Gli interventi – orchestrati da Robert Gionelli – sono stati aperti dal sottosegretario Bonaccorsi, collegata da Roma. «E’ un esempio per tutti – ha sottolineato – una esposizione di grande livello allestita senza contare su mezzi pubblici né della comunità, e questo è per noi motivo di grande soddisfazione».
Il senatore Nencini dal canto suo ha osservato come molte altre banche abbiano «rinunciato a fare mecenatismo culturale, a differenza della Banca di Piacenza che continua a sostenere l’arte e la bellezza».
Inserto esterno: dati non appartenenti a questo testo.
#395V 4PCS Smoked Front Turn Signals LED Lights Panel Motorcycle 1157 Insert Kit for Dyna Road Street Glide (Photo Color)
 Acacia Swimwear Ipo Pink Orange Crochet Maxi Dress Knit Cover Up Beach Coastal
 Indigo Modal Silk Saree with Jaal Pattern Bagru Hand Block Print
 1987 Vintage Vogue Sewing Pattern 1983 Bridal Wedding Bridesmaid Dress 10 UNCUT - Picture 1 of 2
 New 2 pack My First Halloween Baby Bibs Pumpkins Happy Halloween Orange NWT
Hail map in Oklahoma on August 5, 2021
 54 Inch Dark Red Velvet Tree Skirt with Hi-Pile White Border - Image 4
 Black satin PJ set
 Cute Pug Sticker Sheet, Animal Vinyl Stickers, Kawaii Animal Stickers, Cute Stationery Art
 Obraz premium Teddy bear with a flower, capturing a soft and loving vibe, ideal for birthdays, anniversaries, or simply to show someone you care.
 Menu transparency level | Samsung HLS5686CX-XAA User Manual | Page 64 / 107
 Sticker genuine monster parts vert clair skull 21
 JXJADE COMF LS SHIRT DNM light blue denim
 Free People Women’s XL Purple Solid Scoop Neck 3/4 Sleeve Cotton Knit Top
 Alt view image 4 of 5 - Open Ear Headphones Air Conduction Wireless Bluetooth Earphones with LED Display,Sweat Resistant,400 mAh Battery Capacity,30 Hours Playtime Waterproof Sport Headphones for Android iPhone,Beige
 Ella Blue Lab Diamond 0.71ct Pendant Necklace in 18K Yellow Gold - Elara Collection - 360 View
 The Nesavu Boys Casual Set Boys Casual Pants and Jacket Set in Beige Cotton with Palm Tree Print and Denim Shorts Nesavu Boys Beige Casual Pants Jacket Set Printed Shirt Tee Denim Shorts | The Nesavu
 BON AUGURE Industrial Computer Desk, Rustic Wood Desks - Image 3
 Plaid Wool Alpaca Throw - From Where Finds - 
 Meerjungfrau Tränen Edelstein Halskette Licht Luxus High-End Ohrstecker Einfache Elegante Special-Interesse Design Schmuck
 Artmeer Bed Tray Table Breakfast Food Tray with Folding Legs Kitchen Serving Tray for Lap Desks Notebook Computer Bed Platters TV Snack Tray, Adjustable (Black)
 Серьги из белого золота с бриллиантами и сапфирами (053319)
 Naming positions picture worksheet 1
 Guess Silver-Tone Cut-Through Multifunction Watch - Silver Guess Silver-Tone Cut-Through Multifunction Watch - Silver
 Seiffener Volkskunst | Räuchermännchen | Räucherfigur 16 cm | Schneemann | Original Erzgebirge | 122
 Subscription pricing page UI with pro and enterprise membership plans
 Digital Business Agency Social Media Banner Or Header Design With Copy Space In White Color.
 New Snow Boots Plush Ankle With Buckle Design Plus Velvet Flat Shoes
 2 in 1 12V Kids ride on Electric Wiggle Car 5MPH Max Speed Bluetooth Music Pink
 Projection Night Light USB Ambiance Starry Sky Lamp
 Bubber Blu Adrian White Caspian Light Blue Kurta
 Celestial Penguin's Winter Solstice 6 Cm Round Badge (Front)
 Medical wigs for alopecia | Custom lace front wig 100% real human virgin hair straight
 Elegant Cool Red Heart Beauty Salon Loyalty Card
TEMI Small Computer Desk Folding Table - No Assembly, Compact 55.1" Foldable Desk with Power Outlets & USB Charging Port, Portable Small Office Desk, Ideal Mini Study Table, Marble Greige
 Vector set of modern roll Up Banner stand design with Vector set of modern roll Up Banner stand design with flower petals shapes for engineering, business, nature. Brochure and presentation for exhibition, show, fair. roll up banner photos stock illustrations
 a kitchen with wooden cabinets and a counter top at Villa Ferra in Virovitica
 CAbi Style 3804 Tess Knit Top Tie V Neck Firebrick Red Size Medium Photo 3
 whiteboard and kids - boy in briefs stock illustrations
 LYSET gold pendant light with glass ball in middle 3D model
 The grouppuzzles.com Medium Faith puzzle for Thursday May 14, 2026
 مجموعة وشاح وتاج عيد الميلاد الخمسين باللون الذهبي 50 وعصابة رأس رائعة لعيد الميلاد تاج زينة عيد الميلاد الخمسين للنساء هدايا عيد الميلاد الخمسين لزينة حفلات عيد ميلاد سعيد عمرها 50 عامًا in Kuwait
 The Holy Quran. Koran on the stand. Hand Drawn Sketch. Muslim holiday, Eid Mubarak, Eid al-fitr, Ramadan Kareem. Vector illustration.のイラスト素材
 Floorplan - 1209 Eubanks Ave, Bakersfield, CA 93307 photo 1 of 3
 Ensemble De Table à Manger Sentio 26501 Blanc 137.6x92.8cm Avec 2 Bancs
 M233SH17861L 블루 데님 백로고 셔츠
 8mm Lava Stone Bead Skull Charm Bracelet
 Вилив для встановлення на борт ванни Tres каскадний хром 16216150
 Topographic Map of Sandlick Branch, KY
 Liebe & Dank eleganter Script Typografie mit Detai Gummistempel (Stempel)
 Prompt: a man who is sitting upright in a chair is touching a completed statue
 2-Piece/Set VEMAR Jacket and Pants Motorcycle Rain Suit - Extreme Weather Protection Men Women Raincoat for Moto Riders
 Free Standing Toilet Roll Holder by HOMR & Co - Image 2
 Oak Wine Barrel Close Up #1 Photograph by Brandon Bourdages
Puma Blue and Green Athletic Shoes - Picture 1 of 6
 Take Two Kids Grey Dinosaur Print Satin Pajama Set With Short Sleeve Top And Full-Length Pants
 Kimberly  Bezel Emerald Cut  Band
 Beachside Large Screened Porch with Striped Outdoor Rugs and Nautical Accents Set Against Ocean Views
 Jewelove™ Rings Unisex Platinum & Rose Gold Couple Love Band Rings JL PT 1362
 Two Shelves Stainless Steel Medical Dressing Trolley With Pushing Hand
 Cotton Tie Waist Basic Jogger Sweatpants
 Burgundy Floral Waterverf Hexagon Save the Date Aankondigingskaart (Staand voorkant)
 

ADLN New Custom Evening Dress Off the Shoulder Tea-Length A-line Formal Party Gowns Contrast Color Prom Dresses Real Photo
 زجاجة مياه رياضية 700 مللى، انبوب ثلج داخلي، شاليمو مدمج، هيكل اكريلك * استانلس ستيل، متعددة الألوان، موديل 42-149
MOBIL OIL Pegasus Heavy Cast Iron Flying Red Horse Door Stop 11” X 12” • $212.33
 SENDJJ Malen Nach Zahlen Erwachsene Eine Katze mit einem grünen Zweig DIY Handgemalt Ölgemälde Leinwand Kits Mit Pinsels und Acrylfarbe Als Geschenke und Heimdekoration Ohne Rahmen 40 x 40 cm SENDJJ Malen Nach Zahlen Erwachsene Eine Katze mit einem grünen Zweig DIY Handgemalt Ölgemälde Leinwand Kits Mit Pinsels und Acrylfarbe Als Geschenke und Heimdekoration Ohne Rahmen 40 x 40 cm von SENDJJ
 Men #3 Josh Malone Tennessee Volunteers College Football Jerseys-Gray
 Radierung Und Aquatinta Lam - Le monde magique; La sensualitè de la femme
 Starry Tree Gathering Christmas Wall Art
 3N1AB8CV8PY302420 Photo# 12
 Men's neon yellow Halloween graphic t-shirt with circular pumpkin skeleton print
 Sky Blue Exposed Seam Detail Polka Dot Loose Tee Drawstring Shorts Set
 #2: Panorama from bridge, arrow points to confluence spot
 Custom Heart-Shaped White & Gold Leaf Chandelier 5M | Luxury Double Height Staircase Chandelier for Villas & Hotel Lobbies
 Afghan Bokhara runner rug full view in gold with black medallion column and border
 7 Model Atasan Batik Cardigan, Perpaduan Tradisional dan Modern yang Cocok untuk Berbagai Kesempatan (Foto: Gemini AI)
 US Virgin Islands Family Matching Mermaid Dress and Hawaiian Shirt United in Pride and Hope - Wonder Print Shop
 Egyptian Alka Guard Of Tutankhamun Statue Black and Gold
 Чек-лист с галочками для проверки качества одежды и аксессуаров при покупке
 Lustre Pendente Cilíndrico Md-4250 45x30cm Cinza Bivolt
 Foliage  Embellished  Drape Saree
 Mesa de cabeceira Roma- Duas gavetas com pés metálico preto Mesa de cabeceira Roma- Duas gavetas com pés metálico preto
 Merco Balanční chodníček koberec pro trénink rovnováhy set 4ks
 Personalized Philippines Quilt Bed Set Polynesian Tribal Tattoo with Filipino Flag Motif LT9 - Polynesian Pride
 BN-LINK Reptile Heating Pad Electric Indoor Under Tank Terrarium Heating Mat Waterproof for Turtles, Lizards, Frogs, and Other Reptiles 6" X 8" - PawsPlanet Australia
La restauratrice Francesca De Vita, che da 17 anni si prende cura del capolavoro quattrocentesco, ha ricordato la fragilità della tavola, che dal 2002 è stata posta, all’Alberoni, in una teca microclimatizzata per mantenerne costante temperatura e umidità (anche a Palazzo Galli una speciale teca protegge il dipinto nelle condizioni climatiche ideali). La dott. De Vita ha quindi citato uno studio del Cnr che ha scoperto cose particolarissime, come il colore degli occhi in origine più chiaro.
«Gli occhi visti da vicino ora sono blu – ha detto Sgarbi – profondi e lontani. Il dipinto piacentino, più degli altri Ecce Homo, esprime la delusione, lo sconforto di un uomo che si interroga sul suo destino come se chiedesse a noi di rassicurarlo in un drammatico avvicendamento. In questo senso Antonello da Messina è il primo pittore della realtà che diventa identità: e la realtà è rappresentata da Dio che rinuncia alla sua condizione (più facile) per diventare uomo, ponendosi in una situazione di maggior difficoltà».
Terminati gli interventi, gli ospiti si sono spostati nella sala di esposizione dell’Ecce Homo e hanno potuto ammirarlo in tutta la sua bellezza.